Task :: Transcribe the listing from its top line through the line with "櫻桃和車?yán)遄佑惺裁磪^(qū)別？櫻桃和車?yán)遄幽膫€貴？". Keep it exact, both ends included, and add nothing.

Given records ::
_ _ _ _ _ _ _

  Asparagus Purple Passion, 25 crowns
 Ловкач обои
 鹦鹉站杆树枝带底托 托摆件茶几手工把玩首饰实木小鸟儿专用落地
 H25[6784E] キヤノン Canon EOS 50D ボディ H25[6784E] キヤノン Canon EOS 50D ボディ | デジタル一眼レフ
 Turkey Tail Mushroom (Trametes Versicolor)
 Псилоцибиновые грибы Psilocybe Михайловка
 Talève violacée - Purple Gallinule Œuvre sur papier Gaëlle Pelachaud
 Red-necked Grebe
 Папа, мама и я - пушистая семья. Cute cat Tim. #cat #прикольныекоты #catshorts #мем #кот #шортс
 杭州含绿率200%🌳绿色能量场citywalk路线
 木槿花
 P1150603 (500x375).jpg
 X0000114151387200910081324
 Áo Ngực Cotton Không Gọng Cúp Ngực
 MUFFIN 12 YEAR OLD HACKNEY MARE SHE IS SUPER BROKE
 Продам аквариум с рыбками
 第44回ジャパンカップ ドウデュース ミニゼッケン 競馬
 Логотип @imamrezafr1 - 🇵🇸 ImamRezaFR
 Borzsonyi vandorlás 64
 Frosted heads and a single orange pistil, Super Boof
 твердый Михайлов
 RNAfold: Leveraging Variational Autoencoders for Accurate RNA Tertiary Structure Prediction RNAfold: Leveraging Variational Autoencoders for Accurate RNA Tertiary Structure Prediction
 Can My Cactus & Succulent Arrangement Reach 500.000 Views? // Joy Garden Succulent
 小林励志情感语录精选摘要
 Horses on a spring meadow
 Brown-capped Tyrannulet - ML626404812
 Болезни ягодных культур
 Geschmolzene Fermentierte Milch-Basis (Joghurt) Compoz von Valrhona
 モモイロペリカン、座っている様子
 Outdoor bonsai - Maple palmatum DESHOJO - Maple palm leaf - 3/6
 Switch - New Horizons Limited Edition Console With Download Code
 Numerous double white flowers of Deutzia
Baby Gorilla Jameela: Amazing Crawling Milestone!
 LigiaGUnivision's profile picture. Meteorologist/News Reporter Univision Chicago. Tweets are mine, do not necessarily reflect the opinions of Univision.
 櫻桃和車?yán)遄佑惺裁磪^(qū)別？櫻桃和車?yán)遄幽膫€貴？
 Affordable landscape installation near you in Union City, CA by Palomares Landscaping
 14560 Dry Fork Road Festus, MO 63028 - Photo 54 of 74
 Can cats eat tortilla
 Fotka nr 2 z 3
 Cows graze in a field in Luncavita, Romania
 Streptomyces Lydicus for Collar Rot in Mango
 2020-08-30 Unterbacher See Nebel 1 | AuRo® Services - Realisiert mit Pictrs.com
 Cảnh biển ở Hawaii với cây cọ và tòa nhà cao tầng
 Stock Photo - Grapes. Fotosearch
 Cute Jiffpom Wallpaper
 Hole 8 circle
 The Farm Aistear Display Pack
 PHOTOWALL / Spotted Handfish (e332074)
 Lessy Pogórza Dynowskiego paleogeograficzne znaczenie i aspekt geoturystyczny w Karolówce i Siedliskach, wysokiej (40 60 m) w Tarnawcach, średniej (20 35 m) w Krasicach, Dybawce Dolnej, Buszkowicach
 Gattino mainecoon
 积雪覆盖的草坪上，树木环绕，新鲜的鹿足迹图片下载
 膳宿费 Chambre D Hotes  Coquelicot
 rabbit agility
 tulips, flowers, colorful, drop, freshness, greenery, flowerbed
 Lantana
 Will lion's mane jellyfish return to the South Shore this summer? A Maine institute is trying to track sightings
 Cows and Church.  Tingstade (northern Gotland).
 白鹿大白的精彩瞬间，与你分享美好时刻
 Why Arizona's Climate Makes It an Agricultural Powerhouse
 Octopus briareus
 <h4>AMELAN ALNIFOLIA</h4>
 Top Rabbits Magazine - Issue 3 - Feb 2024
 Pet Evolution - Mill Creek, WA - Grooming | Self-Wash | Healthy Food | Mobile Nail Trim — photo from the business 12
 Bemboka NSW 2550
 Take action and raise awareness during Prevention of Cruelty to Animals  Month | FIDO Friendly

_ _ _ _ _ _ _

Task solution ::
  Asparagus Purple Passion, 25 crowns
 Ловкач обои
 鹦鹉站杆树枝带底托 托摆件茶几手工把玩首饰实木小鸟儿专用落地
 H25[6784E] キヤノン Canon EOS 50D ボディ H25[6784E] キヤノン Canon EOS 50D ボディ | デジタル一眼レフ
 Turkey Tail Mushroom (Trametes Versicolor)
 Псилоцибиновые грибы Psilocybe Михайловка
 Talève violacée - Purple Gallinule Œuvre sur papier Gaëlle Pelachaud
 Red-necked Grebe
 Папа, мама и я - пушистая семья. Cute cat Tim. #cat #прикольныекоты #catshorts #мем #кот #шортс
 杭州含绿率200%🌳绿色能量场citywalk路线
 木槿花
 P1150603 (500x375).jpg
 X0000114151387200910081324
 Áo Ngực Cotton Không Gọng Cúp Ngực
 MUFFIN 12 YEAR OLD HACKNEY MARE SHE IS SUPER BROKE
 Продам аквариум с рыбками
 第44回ジャパンカップ ドウデュース ミニゼッケン 競馬
 Логотип @imamrezafr1 - 🇵🇸 ImamRezaFR
 Borzsonyi vandorlás 64
 Frosted heads and a single orange pistil, Super Boof
 твердый Михайлов
 RNAfold: Leveraging Variational Autoencoders for Accurate RNA Tertiary Structure Prediction RNAfold: Leveraging Variational Autoencoders for Accurate RNA Tertiary Structure Prediction
 Can My Cactus & Succulent Arrangement Reach 500.000 Views? // Joy Garden Succulent
 小林励志情感语录精选摘要
 Horses on a spring meadow
 Brown-capped Tyrannulet - ML626404812
 Болезни ягодных культур
 Geschmolzene Fermentierte Milch-Basis (Joghurt) Compoz von Valrhona
 モモイロペリカン、座っている様子
 Outdoor bonsai - Maple palmatum DESHOJO - Maple palm leaf - 3/6
 Switch - New Horizons Limited Edition Console With Download Code
 Numerous double white flowers of Deutzia
Baby Gorilla Jameela: Amazing Crawling Milestone!
 LigiaGUnivision's profile picture. Meteorologist/News Reporter Univision Chicago. Tweets are mine, do not necessarily reflect the opinions of Univision.
 櫻桃和車?yán)遄佑惺裁磪^(qū)別？櫻桃和車?yán)遄幽膫€貴？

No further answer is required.